# "full moon" bettas



## homegrown terror (Aug 6, 2012)

is that now considered a proper/official term for halfmoon doubletails or is it still mostly just colloquial in usage?


----------



## MyRainbowBettaFish (May 9, 2012)

haha i dont k ow  Some people use it as a "proper" term lol


----------



## Maddybelle (Sep 29, 2012)

I think its just a marketing term - something that sounds cool and appeals to folks that want something exotic.


----------



## indjo (Jun 6, 2010)

What ever it is used for, IMO, it's inappropriate - given that half moon is half circle, thus full moon should be full circle.


----------



## homegrown terror (Aug 6, 2012)

indjo said:


> What ever it is used for, IMO, it's inappropriate - given that half moon is half circle, thus full moon should be full circle.


that's what i was thinking...it's a misnomer since DTHM's still have about a 180 spread.


----------



## ravenwinds (Feb 5, 2012)

I have the same opinion.

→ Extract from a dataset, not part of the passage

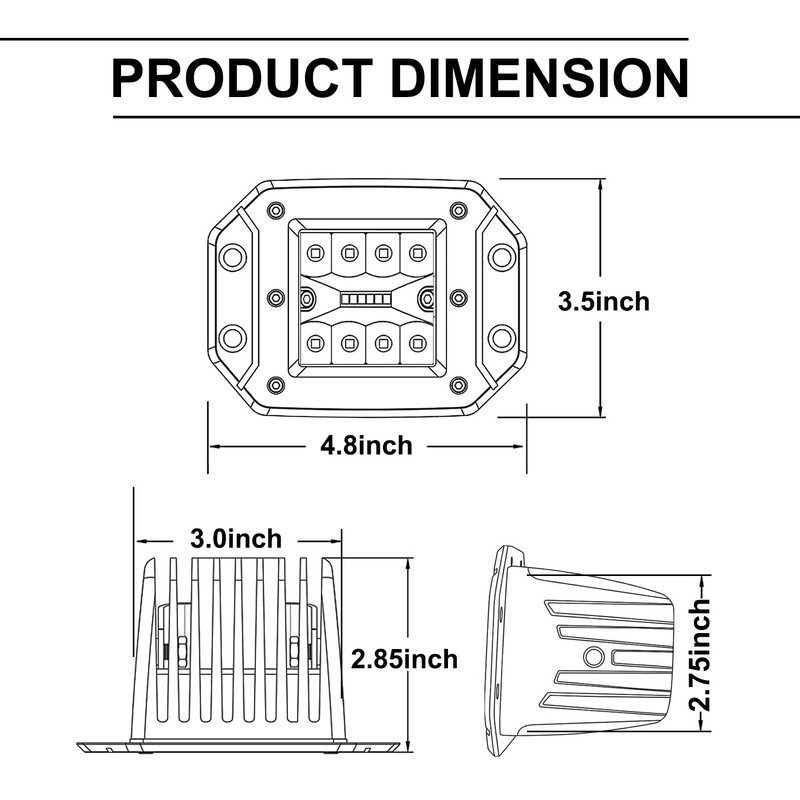 Flush Mount LED Pods, Auto Power Plus 2pcs 80W Flush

They aren't full moons, or 360degrees...they are split tails that together make 180degrees, or as close as they can. If you deduct degrees from space in between some of their tails, they'd probably be only super deltas.


----------



## karpediem (Feb 15, 2012)

ravenwinds said:


> I have the same opinion. They aren't full moons, or 360degrees...they are split tails that together make 180degrees, or as close as they can. If you deduct degrees from space in between some of their tails, they'd probably be only super deltas.

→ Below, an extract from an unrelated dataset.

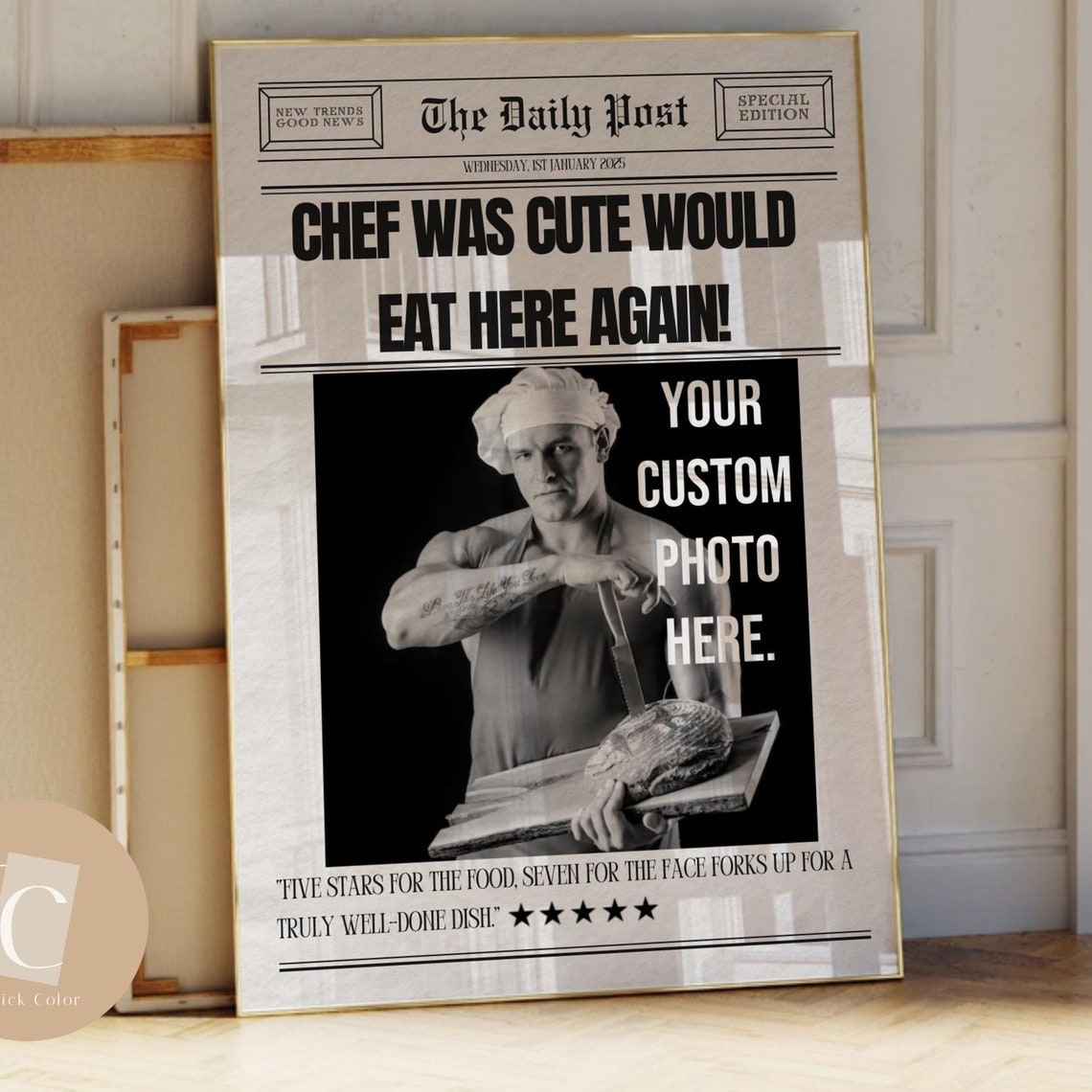 Chef Was Cute Would Eat Here Again Custom Wall Art Funny Print Kitchen Canvas Prints Hallway Posters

I agreed with Ravenwinds. I go sometimes to petco or petsmart to get supply and they split tail betta they call hm are not true hm, they are just super delta. 
This royal blue is a split tail full moon half moon.


----------



## lelei (Apr 30, 2012)

I know them as OHM..OverhalfMoon


----------



## ravenwinds (Feb 5, 2012)

Leilei: and OHM is a single full half moon HM that extends beyond 180degrees...such as say 220degrees! We were talking about double tails and why they shouldn't be called "full moons" when most aren't even 180degrees.


----------